(Supplied entries begins)

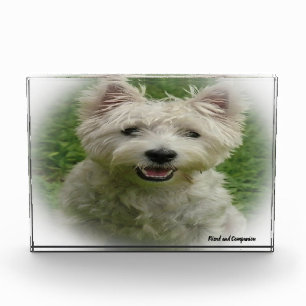 Westie Hund. Fotoblock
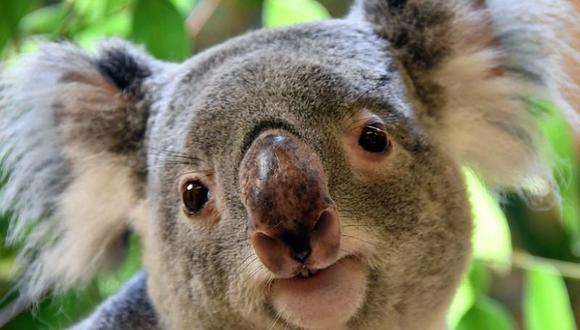 Se pretende asegurar un futuro saludable para los koalas.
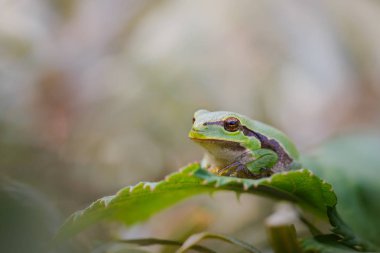 Avrupa ağaç kurbağası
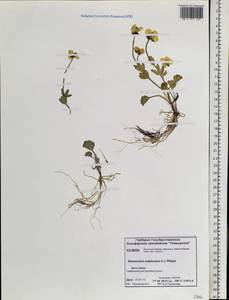 Ranunculus sulphureus, Siberia, Central Siberia (S3) (Russia)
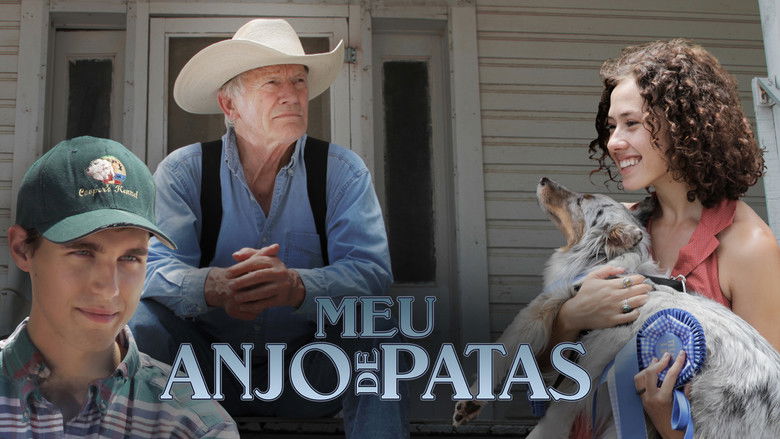 кадр из фильма My Dog the Champion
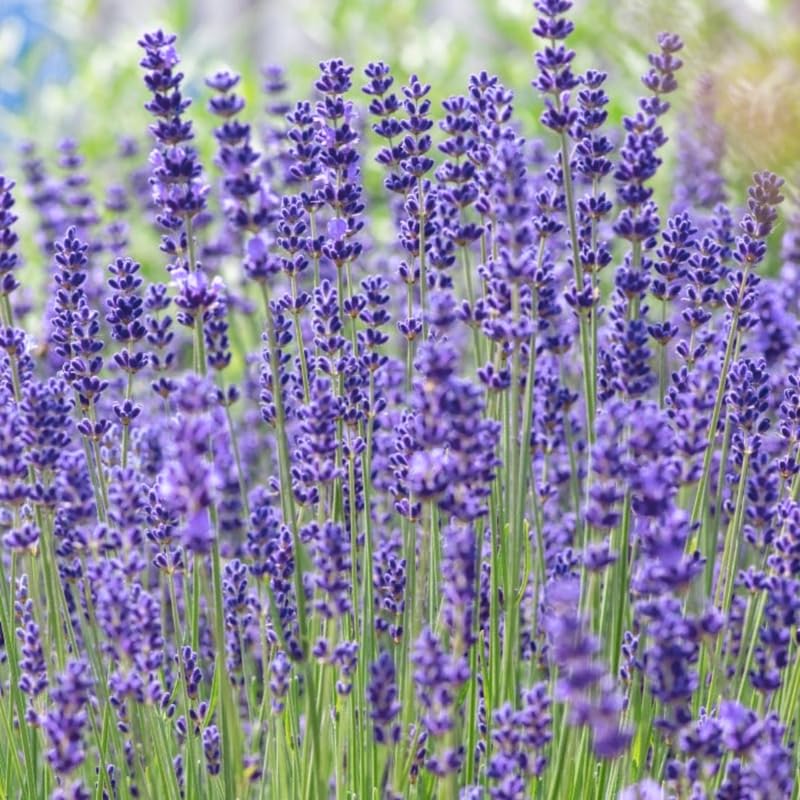 Set 2 Very Fragrant Lavender Plants Live, Fragrant Lavender Herb Plant for Border and Container Growing, Perennial Lavenders Plugs 3-5'' Tall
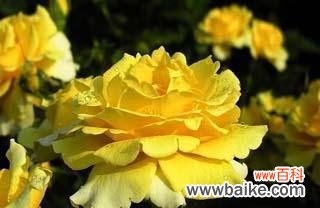 探索不同颜色蔷薇的花语 蔷薇花语的多彩世界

(Supplied entries ends)

Work required: The answer must be an exact copy of the lines from the one containing "Ranunculus sulphureus, Siberia, Central" through the last line of the records, and nothing else. Pictures do not belong in it.

Task response:
 Ranunculus sulphureus, Siberia, Central Siberia (S3) (Russia)
 кадр из фильма My Dog the Champion
 Set 2 Very Fragrant Lavender Plants Live, Fragrant Lavender Herb Plant for Border and Container Growing, Perennial Lavenders Plugs 3-5'' Tall
 探索不同颜色蔷薇的花语 蔷薇花语的多彩世界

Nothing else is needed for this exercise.